Find a CNA Class near you

Everything You Need To Know About CNA to LPN Bridge Programs

CNA to LPN bridge programs are accelerated programs designed for certified nurse assistants who wish to become licensed practice nurses (LPNs). This can increase their responsibility with patients — such as performing more patient procedures and administering medications — as well as their earning power. The bridge program is cost and time effective for certified CNAs, who can transfer their previously earned CNA training credits to their LPN track. If you’re considering enrolling in a bridge program, below you can find the prerequisites you’ll need, an overview of the program, and where to find courses.

Why Become an LPN?

Becoming an LPN is a great way to advance your nursing career. As an LPN, you’ll have more responsibilities with patients, which can increase your earning power and job opportunities. Becoming an LPN can also be a step toward getting a more advanced nursing certification or degree. There are often bridge programs for LPNs looking to become registered nurses (RNs) or get their bachelor’s of science in nursing (BSN). If you’re looking for more autonomy as a nurse or looking to expand your career in the nursing field, becoming an LPN is a great option.
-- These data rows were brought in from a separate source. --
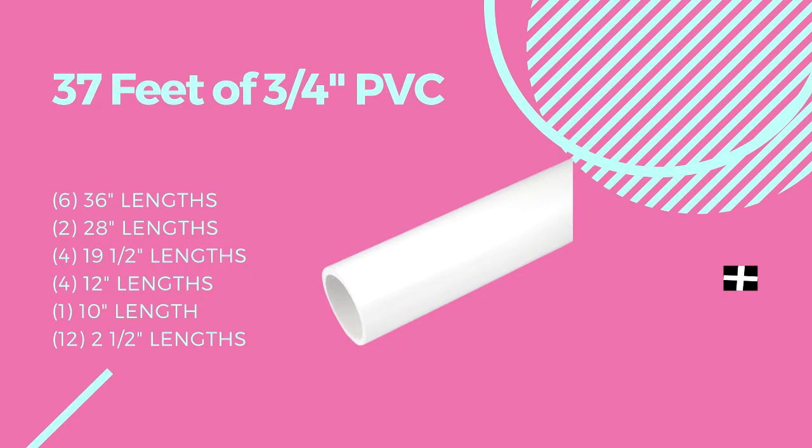To start you're going to need 37 feet of 3/4 inch pipe. Then you're going to cut that into six 36 inch lengths, two 28 inch lengths, four 19 and a half inch lengths, four 12 inch lengths, one 10 inch length, and twelve two and a half inch lengths.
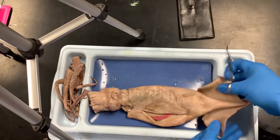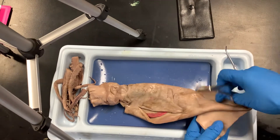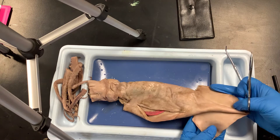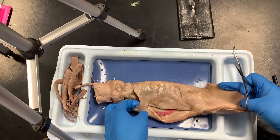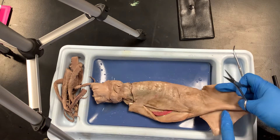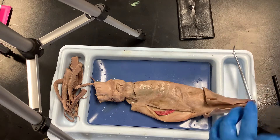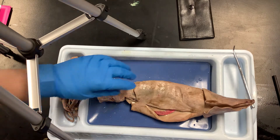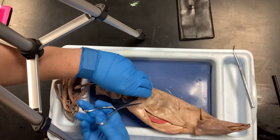Lay your squid down so you can see from the head all the way to the tip, with the fins laid down flat. Then cut just above the siphon all the way up to the tip. Be careful not to cut into an organ — you may need to hold it up.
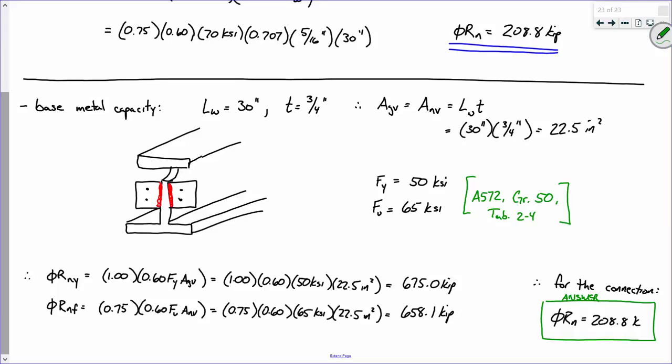The answer also depends on the area. If you have a really big piece of normal steel and a really tiny piece of very high quality steel, it's not so simple. The comparison requires actually doing the math with both stresses and areas.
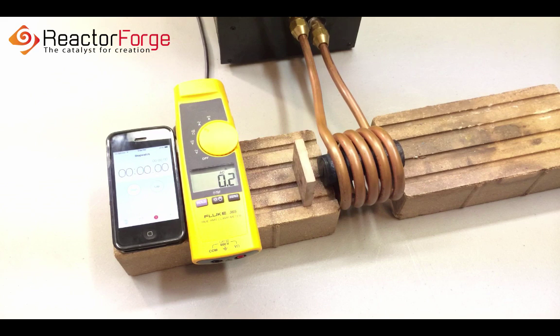Hey everyone, Joshua Campbell here. In this video I'll be showing you hands-free heating of a 3 inch section of inch and a quarter bar stock.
LPN Salary and Job Outlook

According to the Bureau of Labor statistics (BLS), in 2019 LPNs earned an average of $47,480 per year — nearly $20,000 more than the annual nursing assistant salary. LPNs also have a better job outlook. The career is also projected to grow 11% through 2028, which is faster than the average job growth rate — the BLS reported 697,510 LPN jobs nationally in 2019. This proves that the demand for LPNs is growing across the country.

Prerequisites for CNA to LPN Programs

The following prerequisites must be met to be eligible for a CNA to LPN program:

  • High school diploma or GED;
  • A minimum 2.0 GPA upon completion of CNA training;
  • A valid CNA certificate;
  • A minimum of one year of work experience as a CNA.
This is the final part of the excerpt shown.